ALBUFÉRA, depósito de águas represadas, que, em tempo de estiagem, são soltas para regar as terras. É na albuféra que as lavadeiras vão lavar a roupa, dizendo-se que vão ó rio e não à albuféra. Incidentalmente diremos que o Guadiana, rio que passa perto de Mourão, não é designado com rio, mas sim como ribéra, pelo que sem dúvida, Guadiana é do género feminino, dizendo-se em Mourão a Guadiana e não o Guadiana. Albuféra é de origem árabe.

ALCACÉRI, planta gramínea para alimentação do gado. Ceifa-se ainda verde. Suponho ser de origem árabe.

ALDIAFA, festa celebrada no termo dos trabalhos agrícolas mais importantes, especialmente no da apanha da azeitona.

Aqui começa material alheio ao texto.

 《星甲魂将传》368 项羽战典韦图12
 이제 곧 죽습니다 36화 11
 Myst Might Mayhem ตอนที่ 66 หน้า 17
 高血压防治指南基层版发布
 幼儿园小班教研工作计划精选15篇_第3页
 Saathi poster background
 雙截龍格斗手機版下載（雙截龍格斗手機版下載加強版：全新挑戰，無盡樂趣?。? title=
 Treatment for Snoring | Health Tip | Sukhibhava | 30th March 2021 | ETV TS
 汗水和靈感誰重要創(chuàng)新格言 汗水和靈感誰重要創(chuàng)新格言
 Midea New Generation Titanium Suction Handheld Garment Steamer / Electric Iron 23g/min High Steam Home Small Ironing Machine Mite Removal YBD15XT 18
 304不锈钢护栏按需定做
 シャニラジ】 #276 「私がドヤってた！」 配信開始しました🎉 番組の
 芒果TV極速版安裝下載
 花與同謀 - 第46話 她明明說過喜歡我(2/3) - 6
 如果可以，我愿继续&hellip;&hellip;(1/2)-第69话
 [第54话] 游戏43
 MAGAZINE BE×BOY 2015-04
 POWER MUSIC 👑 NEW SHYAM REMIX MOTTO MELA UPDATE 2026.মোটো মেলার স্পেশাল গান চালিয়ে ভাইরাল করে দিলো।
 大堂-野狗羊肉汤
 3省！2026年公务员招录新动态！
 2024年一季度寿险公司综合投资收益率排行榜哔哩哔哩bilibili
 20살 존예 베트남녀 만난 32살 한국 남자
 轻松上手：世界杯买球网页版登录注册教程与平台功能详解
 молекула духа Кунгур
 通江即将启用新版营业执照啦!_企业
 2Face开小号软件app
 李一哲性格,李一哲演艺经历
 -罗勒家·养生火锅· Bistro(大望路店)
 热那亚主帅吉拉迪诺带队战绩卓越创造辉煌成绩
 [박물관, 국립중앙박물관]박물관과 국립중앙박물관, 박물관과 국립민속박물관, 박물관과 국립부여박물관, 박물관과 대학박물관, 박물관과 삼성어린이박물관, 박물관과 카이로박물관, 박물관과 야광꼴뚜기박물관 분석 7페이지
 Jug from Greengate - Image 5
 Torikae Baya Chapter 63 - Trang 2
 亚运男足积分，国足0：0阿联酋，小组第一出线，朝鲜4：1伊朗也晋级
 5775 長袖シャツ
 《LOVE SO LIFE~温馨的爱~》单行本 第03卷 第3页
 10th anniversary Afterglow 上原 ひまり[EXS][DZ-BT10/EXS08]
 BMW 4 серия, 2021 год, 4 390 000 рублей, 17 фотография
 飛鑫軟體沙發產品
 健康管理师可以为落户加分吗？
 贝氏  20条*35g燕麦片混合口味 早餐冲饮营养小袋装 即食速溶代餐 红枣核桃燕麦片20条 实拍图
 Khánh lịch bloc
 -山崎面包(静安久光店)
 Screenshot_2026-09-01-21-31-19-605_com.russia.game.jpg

Os homens e as mulheres que trabalharam por conta do mesmo lavrador, terminado o serviço, organizam uma espécie de procissão, que se dirige do local onde se trabalhou, para casa do patrão. À frente vêm três mulheres, arvorando a do centro, à maneira de pendão, duas varas, em forma de cruz, com um xaile suspenso da vara horizontal e enfeitado / 14 / com ramos de oliveira. Atrás do pendão caminham homens e mulheres do rancho da azeitona, entoando cantigas, muitas vezes ao desafio, e não raro cadenciadas com palmadas. Chegado a casa do lavrador, o rancho canta algumas quadras em louvor deste, que na casa de fora, onde se encontra a chaminé, lhes oferece um jantar constituído por carneiro guisado ou ensopado, chouriço, toucinho, pão e vinho. Terminada a refeição, organiza-se um talho, em que se preponderam as danças de roda que, melhor que as outras, se prestam a novas cantigas ao desafio, quase sempre com alusões pessoais. O baile, por vezes, prolonga-se até altas horas da noite. Com a forma aldiafa concorrem no uso corrente, embora menos empregadas, as formas adiafa e diafa. A palavra é de origem árabe.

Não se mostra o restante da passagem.